There are a lot more interesting nuggets in the report, so it’s well worth a flick through the slides. Conclusions: Personal recommendation most important for self-publishers

The results of this survey are a bit of a mixed bag for self-publishers. For most of us it’s impossible to get our books into prominent positions in bookshops either offline or on, and even harder to get newspaper reviews. The places where it’s easy for us to gain access, such as GoodReads, Twitter, LibraryThing, Facebook and on our own blog simply aren’t that influential. It’s disappointing, because these are places where authors can be very proactive.

So what are we left with? Both my graph and the Verso Digital figures show that self-published authors should focus on encouraging people to make personal recommendations for their work, as that is still the most important way that people find new authors and books. Simply telling your friends that you recently read a book and loved it appears to be the single most important thing one can do to help an author along.

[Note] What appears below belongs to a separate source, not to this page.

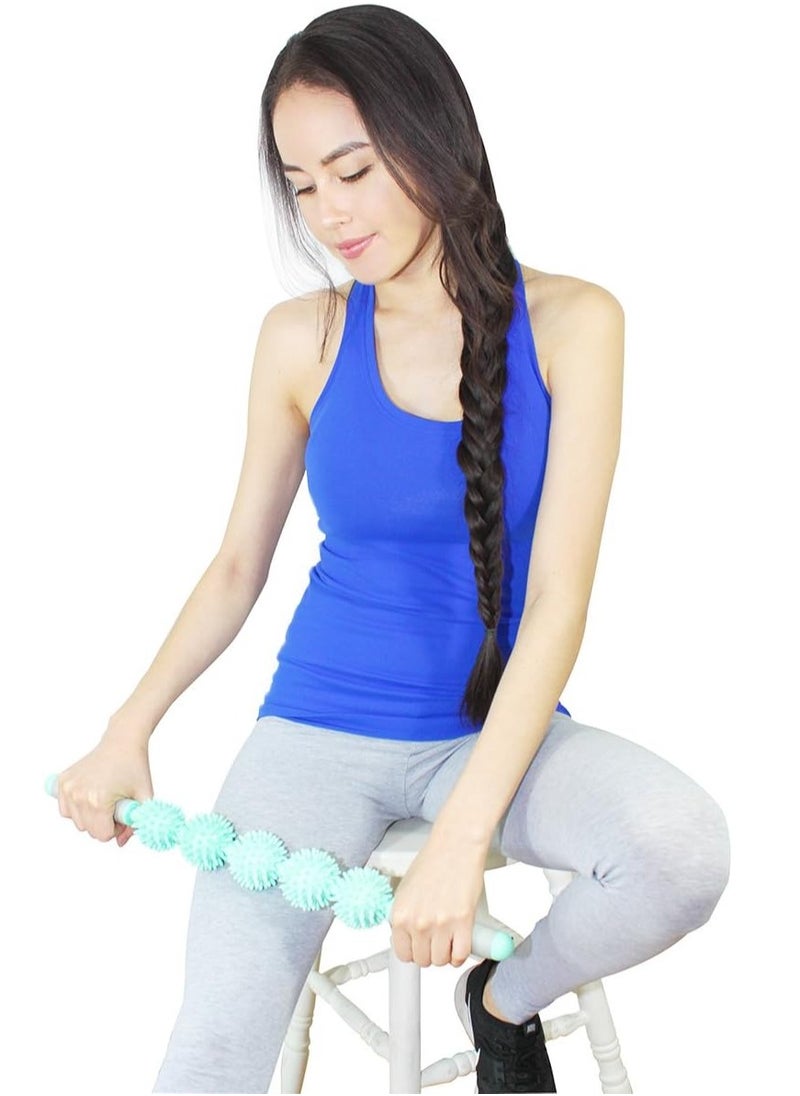 Generic - Fascia Release Cellulite Blasting Remover Muscle Roller Massage Stick, Deep Tissue Tight Fascia Massager Trigger Point Fat Blast Pain Relief Myofascial Release with 5 Balls for Men and Women - Image 1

By SUW, re-blogged, first published 24/02/2012

My Comment:
Roughly 12% social network, 12% blog and 16% Online algorithm 
recommendation makes up for over 40% of all books sales, which should convince to invest time into these marketing strategies as they are totally free, just the author’s time investment.  Plus: over 65% of avid readers are purchasing their books online.
The Verso Digital Survey also shows where former Border customers went: mostly to online retail stores, such as Amazon or Barnes&Noble.  
Amazon makes it easy to send emails to your friends, acquaintances and family about recently purchased books with their form on their checkout page. Ask everyone who buys your book to fill out this window and send it to someone who might purchase your book too.